#### Exercise
Word for word, restate the records that appear below.

#### Material supplied

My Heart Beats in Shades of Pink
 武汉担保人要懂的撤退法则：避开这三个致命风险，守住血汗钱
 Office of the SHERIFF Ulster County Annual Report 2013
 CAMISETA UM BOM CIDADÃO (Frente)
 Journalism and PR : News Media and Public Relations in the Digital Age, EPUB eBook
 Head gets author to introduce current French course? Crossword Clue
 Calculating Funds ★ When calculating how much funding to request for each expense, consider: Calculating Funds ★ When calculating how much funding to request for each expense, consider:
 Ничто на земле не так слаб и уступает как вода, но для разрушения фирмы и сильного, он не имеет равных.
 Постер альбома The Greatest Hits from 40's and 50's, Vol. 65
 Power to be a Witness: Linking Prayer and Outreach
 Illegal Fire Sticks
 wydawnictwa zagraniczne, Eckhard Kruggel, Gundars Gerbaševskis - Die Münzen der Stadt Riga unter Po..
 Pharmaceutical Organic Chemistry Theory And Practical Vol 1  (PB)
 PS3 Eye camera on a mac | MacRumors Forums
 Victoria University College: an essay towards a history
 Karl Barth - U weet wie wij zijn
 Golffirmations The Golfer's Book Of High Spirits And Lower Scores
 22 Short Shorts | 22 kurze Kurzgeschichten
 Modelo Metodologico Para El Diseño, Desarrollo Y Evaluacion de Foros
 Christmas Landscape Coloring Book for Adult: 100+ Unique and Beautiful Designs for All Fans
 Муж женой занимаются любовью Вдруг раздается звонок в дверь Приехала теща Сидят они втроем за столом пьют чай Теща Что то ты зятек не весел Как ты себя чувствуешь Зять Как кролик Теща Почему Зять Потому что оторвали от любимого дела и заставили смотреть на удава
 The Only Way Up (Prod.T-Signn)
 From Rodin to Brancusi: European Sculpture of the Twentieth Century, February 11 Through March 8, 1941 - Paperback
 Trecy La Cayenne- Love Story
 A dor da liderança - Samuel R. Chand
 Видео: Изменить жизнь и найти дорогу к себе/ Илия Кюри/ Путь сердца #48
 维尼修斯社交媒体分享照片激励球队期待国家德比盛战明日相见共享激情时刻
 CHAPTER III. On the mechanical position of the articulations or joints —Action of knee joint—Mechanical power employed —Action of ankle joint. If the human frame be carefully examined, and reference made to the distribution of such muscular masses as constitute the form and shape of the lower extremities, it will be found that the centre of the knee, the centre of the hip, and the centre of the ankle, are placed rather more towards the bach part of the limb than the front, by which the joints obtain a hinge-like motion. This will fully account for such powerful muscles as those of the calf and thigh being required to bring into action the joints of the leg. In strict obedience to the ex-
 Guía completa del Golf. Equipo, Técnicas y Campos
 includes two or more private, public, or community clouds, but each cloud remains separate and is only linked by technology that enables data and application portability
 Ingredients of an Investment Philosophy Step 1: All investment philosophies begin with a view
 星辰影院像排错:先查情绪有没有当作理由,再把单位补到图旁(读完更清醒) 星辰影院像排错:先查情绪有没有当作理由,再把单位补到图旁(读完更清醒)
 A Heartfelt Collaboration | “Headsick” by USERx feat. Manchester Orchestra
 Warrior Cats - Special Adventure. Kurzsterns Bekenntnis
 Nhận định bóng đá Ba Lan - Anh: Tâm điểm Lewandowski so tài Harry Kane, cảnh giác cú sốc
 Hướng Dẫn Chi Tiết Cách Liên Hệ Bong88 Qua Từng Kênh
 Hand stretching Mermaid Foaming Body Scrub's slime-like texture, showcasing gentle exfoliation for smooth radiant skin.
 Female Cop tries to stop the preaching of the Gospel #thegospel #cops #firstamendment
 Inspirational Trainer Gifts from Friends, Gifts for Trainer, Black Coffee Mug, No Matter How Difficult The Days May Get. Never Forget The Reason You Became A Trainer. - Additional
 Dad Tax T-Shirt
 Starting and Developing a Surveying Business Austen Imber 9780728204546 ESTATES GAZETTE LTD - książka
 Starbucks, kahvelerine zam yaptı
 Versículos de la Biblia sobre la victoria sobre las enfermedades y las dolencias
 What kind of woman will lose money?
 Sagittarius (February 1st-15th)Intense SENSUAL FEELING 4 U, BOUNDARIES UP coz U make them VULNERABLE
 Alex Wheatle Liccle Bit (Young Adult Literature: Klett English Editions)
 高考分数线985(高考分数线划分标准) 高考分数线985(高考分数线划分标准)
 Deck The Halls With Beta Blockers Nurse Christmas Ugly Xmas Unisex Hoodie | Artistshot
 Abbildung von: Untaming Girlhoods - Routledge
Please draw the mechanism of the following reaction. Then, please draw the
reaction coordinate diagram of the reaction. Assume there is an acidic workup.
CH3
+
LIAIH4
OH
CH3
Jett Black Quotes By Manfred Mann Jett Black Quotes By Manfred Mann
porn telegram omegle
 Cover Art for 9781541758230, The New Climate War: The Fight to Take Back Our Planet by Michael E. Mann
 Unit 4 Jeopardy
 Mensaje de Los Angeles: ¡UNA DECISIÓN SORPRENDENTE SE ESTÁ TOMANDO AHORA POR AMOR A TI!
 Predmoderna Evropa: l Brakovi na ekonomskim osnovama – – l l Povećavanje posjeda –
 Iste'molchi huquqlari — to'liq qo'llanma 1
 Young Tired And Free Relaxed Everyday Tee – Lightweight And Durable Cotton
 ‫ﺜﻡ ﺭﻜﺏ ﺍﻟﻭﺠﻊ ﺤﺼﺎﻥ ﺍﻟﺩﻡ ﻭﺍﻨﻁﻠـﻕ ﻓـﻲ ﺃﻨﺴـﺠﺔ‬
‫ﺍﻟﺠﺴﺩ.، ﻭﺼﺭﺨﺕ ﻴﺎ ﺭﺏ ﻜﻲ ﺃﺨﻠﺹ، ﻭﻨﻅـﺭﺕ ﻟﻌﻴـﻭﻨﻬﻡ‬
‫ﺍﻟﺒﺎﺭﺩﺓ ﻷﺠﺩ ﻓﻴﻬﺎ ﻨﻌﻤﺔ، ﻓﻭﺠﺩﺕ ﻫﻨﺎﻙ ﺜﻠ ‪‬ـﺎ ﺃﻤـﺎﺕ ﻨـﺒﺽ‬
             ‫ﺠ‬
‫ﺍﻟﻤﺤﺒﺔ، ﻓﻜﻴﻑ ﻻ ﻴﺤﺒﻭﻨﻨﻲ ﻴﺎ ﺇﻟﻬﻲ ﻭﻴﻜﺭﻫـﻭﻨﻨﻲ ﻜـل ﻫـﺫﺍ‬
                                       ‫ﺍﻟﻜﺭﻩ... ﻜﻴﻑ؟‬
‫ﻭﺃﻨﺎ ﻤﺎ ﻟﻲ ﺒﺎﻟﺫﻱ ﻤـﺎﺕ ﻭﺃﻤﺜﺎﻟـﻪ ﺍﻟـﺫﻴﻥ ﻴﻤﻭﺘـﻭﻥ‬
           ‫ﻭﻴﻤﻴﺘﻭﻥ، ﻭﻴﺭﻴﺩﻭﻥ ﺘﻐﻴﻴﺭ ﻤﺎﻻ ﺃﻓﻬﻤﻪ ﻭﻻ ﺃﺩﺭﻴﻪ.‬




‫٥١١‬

#### Written reply
My Heart Beats in Shades of Pink
 武汉担保人要懂的撤退法则：避开这三个致命风险，守住血汗钱
 Office of the SHERIFF Ulster County Annual Report 2013
 CAMISETA UM BOM CIDADÃO (Frente)
 Journalism and PR : News Media and Public Relations in the Digital Age, EPUB eBook
 Head gets author to introduce current French course? Crossword Clue
 Calculating Funds ★ When calculating how much funding to request for each expense, consider: Calculating Funds ★ When calculating how much funding to request for each expense, consider:
 Ничто на земле не так слаб и уступает как вода, но для разрушения фирмы и сильного, он не имеет равных.
 Постер альбома The Greatest Hits from 40's and 50's, Vol. 65
 Power to be a Witness: Linking Prayer and Outreach
 Illegal Fire Sticks
 wydawnictwa zagraniczne, Eckhard Kruggel, Gundars Gerbaševskis - Die Münzen der Stadt Riga unter Po..
 Pharmaceutical Organic Chemistry Theory And Practical Vol 1  (PB)
 PS3 Eye camera on a mac | MacRumors Forums
 Victoria University College: an essay towards a history
 Karl Barth - U weet wie wij zijn
 Golffirmations The Golfer's Book Of High Spirits And Lower Scores
 22 Short Shorts | 22 kurze Kurzgeschichten
 Modelo Metodologico Para El Diseño, Desarrollo Y Evaluacion de Foros
 Christmas Landscape Coloring Book for Adult: 100+ Unique and Beautiful Designs for All Fans
 Муж женой занимаются любовью Вдруг раздается звонок в дверь Приехала теща Сидят они втроем за столом пьют чай Теща Что то ты зятек не весел Как ты себя чувствуешь Зять Как кролик Теща Почему Зять Потому что оторвали от любимого дела и заставили смотреть на удава
 The Only Way Up (Prod.T-Signn)
 From Rodin to Brancusi: European Sculpture of the Twentieth Century, February 11 Through March 8, 1941 - Paperback
 Trecy La Cayenne- Love Story
 A dor da liderança - Samuel R. Chand
 Видео: Изменить жизнь и найти дорогу к себе/ Илия Кюри/ Путь сердца #48
 维尼修斯社交媒体分享照片激励球队期待国家德比盛战明日相见共享激情时刻
 CHAPTER III. On the mechanical position of the articulations or joints —Action of knee joint—Mechanical power employed —Action of ankle joint. If the human frame be carefully examined, and reference made to the distribution of such muscular masses as constitute the form and shape of the lower extremities, it will be found that the centre of the knee, the centre of the hip, and the centre of the ankle, are placed rather more towards the bach part of the limb than the front, by which the joints obtain a hinge-like motion. This will fully account for such powerful muscles as those of the calf and thigh being required to bring into action the joints of the leg. In strict obedience to the ex-
 Guía completa del Golf. Equipo, Técnicas y Campos
 includes two or more private, public, or community clouds, but each cloud remains separate and is only linked by technology that enables data and application portability
 Ingredients of an Investment Philosophy Step 1: All investment philosophies begin with a view
 星辰影院像排错:先查情绪有没有当作理由,再把单位补到图旁(读完更清醒) 星辰影院像排错:先查情绪有没有当作理由,再把单位补到图旁(读完更清醒)
 A Heartfelt Collaboration | “Headsick” by USERx feat. Manchester Orchestra
 Warrior Cats - Special Adventure. Kurzsterns Bekenntnis
 Nhận định bóng đá Ba Lan - Anh: Tâm điểm Lewandowski so tài Harry Kane, cảnh giác cú sốc
 Hướng Dẫn Chi Tiết Cách Liên Hệ Bong88 Qua Từng Kênh
 Hand stretching Mermaid Foaming Body Scrub's slime-like texture, showcasing gentle exfoliation for smooth radiant skin.
 Female Cop tries to stop the preaching of the Gospel #thegospel #cops #firstamendment
 Inspirational Trainer Gifts from Friends, Gifts for Trainer, Black Coffee Mug, No Matter How Difficult The Days May Get. Never Forget The Reason You Became A Trainer. - Additional
 Dad Tax T-Shirt
 Starting and Developing a Surveying Business Austen Imber 9780728204546 ESTATES GAZETTE LTD - książka
 Starbucks, kahvelerine zam yaptı
 Versículos de la Biblia sobre la victoria sobre las enfermedades y las dolencias
 What kind of woman will lose money?
 Sagittarius (February 1st-15th)Intense SENSUAL FEELING 4 U, BOUNDARIES UP coz U make them VULNERABLE
 Alex Wheatle Liccle Bit (Young Adult Literature: Klett English Editions)
 高考分数线985(高考分数线划分标准) 高考分数线985(高考分数线划分标准)
 Deck The Halls With Beta Blockers Nurse Christmas Ugly Xmas Unisex Hoodie | Artistshot
 Abbildung von: Untaming Girlhoods - Routledge
Please draw the mechanism of the following reaction. Then, please draw the
reaction coordinate diagram of the reaction. Assume there is an acidic workup.
CH3
+
LIAIH4
OH
CH3
Jett Black Quotes By Manfred Mann Jett Black Quotes By Manfred Mann
porn telegram omegle
 Cover Art for 9781541758230, The New Climate War: The Fight to Take Back Our Planet by Michael E. Mann
 Unit 4 Jeopardy
 Mensaje de Los Angeles: ¡UNA DECISIÓN SORPRENDENTE SE ESTÁ TOMANDO AHORA POR AMOR A TI!
 Predmoderna Evropa: l Brakovi na ekonomskim osnovama – – l l Povećavanje posjeda –
 Iste'molchi huquqlari — to'liq qo'llanma 1
 Young Tired And Free Relaxed Everyday Tee – Lightweight And Durable Cotton
 ‫ﺜﻡ ﺭﻜﺏ ﺍﻟﻭﺠﻊ ﺤﺼﺎﻥ ﺍﻟﺩﻡ ﻭﺍﻨﻁﻠـﻕ ﻓـﻲ ﺃﻨﺴـﺠﺔ‬
‫ﺍﻟﺠﺴﺩ.، ﻭﺼﺭﺨﺕ ﻴﺎ ﺭﺏ ﻜﻲ ﺃﺨﻠﺹ، ﻭﻨﻅـﺭﺕ ﻟﻌﻴـﻭﻨﻬﻡ‬
‫ﺍﻟﺒﺎﺭﺩﺓ ﻷﺠﺩ ﻓﻴﻬﺎ ﻨﻌﻤﺔ، ﻓﻭﺠﺩﺕ ﻫﻨﺎﻙ ﺜﻠ ‪‬ـﺎ ﺃﻤـﺎﺕ ﻨـﺒﺽ‬
             ‫ﺠ‬
‫ﺍﻟﻤﺤﺒﺔ، ﻓﻜﻴﻑ ﻻ ﻴﺤﺒﻭﻨﻨﻲ ﻴﺎ ﺇﻟﻬﻲ ﻭﻴﻜﺭﻫـﻭﻨﻨﻲ ﻜـل ﻫـﺫﺍ‬
                                       ‫ﺍﻟﻜﺭﻩ... ﻜﻴﻑ؟‬
‫ﻭﺃﻨﺎ ﻤﺎ ﻟﻲ ﺒﺎﻟﺫﻱ ﻤـﺎﺕ ﻭﺃﻤﺜﺎﻟـﻪ ﺍﻟـﺫﻴﻥ ﻴﻤﻭﺘـﻭﻥ‬
           ‫ﻭﻴﻤﻴﺘﻭﻥ، ﻭﻴﺭﻴﺩﻭﻥ ﺘﻐﻴﻴﺭ ﻤﺎﻻ ﺃﻓﻬﻤﻪ ﻭﻻ ﺃﺩﺭﻴﻪ.‬




‫٥١١‬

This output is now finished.